Jumlah tanah persil resmi milik masyarakat, lanjut Sofyan, di luar kawasan hutan yang sudah terdaftar sebanyak 46 juta. Dulu sertifikat yang diterbitkan masih ada kelemahan, dimana belum dicantumkan koordinat tanah secara pasti. Batas tanah hanya disebutkan secara fisik, misalnya tanah si A dibatasi oleh saluran irigasi atau pohon milik si anu. Jadi dari 46 juta tersebut, masih ada beberapa juta yang posisi tanahnya belum “duduk” (baca: ajeg) karena belum ada pencatuman batas koordinat. Tak jelasnya batas tanah inilah yang menurut Sofyan bisa memicu konflik. Dari kondisi inilah program PTSL diluncurkan.

Pada tahun lalu, daridata BPN sebanyak 5 juta tanah telah terdaftar secara resmi, dan target tahun 2019, bakal ada 9 juta tanah yang kepemilikannya terverifikasi dan tersertifikasi. Bahkan tahun depan, Sofyan berani menjanjikan, seluruh tanah di Jakarta sudah terdaftar. Pemerintah punya target ambisius di mana pada tahun 2025, seluruh tanah di Indonesia sudah terdaftar, bersertifikat secara benar dan resmi. Pada akhirnya potensi konflik lahan yang muncul akan semakin kecil.

Pemerintah, kata Sofyan, sangat mendukung adanya penyelesaian konflik lahan melalui jalur mediasi atau arbitrase. Karena itu, upaya KADIN menginisiasi solusi konflik lewat jalur mediasi, sangat diapreasiasi pemerintah. Pemerintah berupaya menjadi mediator untuk menyelesaikan persoalan konflik lahan sehingga penyelesaiannya bisa lebih tuntas dibanding melalui jalur hukum yang hanya memunculkan masalah lain. Sofyan menegaskan, konflik lahan bisa selesai selama tidak dijadikan barang komoditi (politik) oleh pihak tertentu.
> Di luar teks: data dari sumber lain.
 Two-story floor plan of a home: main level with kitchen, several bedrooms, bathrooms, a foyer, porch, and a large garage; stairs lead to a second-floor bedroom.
Di pihak lain, Wakil Ketua Umum Kadin Bidang Hubungan Internasional, Shinta W. Kamdani, menjelaskan, buku yang diluncurkan ini merupakan (upaya) mapping terhadap konflik yang selama ini terjadi di lapangan. Apa konflik itu dan bagaimana prosesnya dan kenapa (itu terjadi).

“Dampak dari konflik lahan ini sangat signifikan baik langsung atau tidak langsung bagi pelaku usaha. Nilainya bisa USD 70 ribu hingga USD 2,5 juta. Diharapkan dengan buku panduan ini mekanisme penyelesaian melalui jalur mediasi bisa lebih tertata (tahapannya),” papar Shinta. Yang tak kalah penting, lanjut Shinta, pihak-pihak yang berkepentingan, mau menyelesaikan konfliknya lewat jalur mediasi. Buku panduan ini merupakan proses awal dari upaya KADIN dalam menginformasikan penanganan konflik lahan melalui mediasi yang sifatnya lebih kepada win-win solution, sehingga masalah sosial yang muncul pun bisa teratasi.

Langkah selanjutnya, Shinta mengungkapkan, pihaknya akan bekerjasama dengan pemerintah dalam upaya sosialiasi penyelesaian konflik lahan lewat mediasi dan musyawarah. Namun yang perlu diingat juga, perlu dipersiapkan para mediator yang memang ahli di bidangnya. Karena itu perlu juga dipikirkan pelatihan-pelatihan bagi para mediator sehingga memiliki kredidibilitas dan kapabilitas yang siap menyelesaikan konflik yang terjadi.